Marie, Pacino & Ralphie


----------



## The A Team (Dec 1, 2005)

Wow, Marie, that's wonderful!!!







So, that means I can call you if I find a maltese in our local Ocean county shelter??? I do visit the shelter now and then and I do call rescue groups if I find a little one who needs rescuing.


----------



## casa verde maltese (Apr 7, 2007)

OH, this is a *wonderful* thing to do! Good for you!
















& Pat going to shelters - you are *wonderful* as well - I can't go w/out wanting to take everyone home w/me.


----------



## I found nemo (Feb 23, 2006)

YAYAYYAY for you Marie, what a wonderful thing to do!!!


Good Luck,
Andrea


----------



## Bonnie's Mommie (Mar 2, 2006)

Awesome, Marie!! I'm sure this is going to be very rewarding for you.


----------



## Max & Rocky (May 20, 2004)

Yea!!


----------



## Krystal (Feb 3, 2007)

Wow, this is wonderful!

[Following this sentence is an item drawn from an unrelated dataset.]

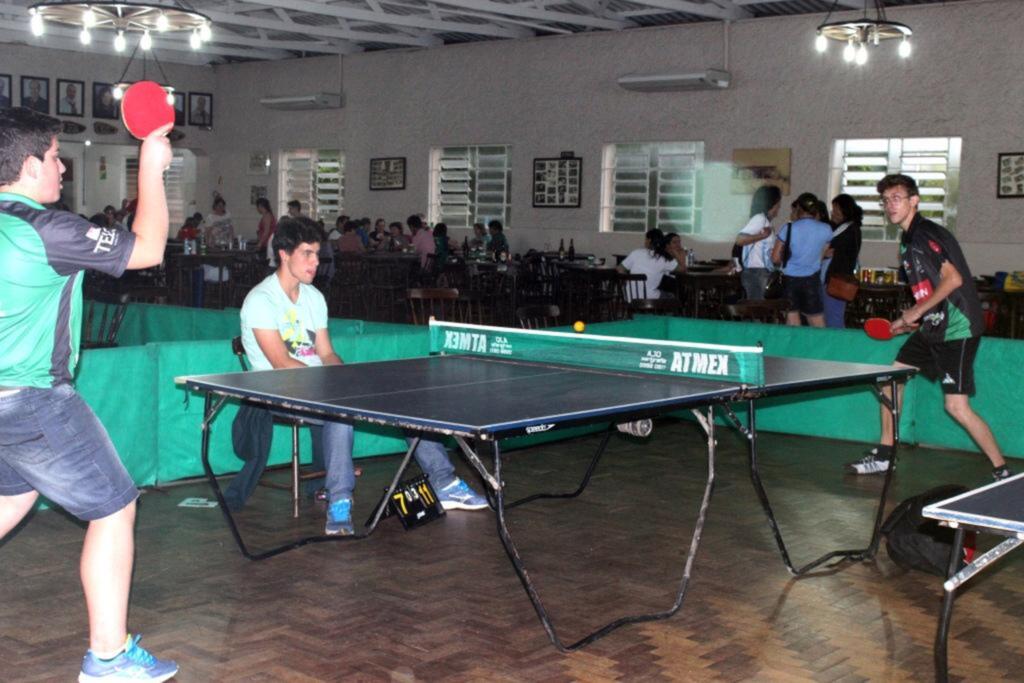 São Miguel do Oeste sedia Jogos da Epagri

Congrats!


----------



## cindy6755 (Mar 20, 2005)

Thank you for helping these babies


----------



## kab (Apr 11, 2005)

We have a volunteer helping us with our rescues by listing them in the New England area. Right now we have a maltese named Simon that my friend is fostering. He is the sweetest guy and knows several tricks.
He can be seen in the ME section of Petfinder under Paws and Claws of New England. It would be so neat if someone from SM would adopt him.


----------



## bbry (Feb 17, 2007)

Thank you for all our malt friends


----------



## TheButtercup (Mar 3, 2005)




----------



## Alvar's Mom (Mar 5, 2007)

That's such a great thing to do!!!


----------



## msmagnolia (Sep 8, 2004)

Bravo Marie!!


----------



## Boobookit (Dec 3, 2005)

> Wow, Marie, that's wonderful!!!
> 
> 
> 
> ...


Sure!! I told them that I can't foster because I would wind up not wanting to give them away....I would be overrun with white furbabies!! But I can do home inspections, phone inspections, paperwork, etc. whatever they need. There are just so many furbabies that need help and placement for their forever homes.

Marie & the Boys


----------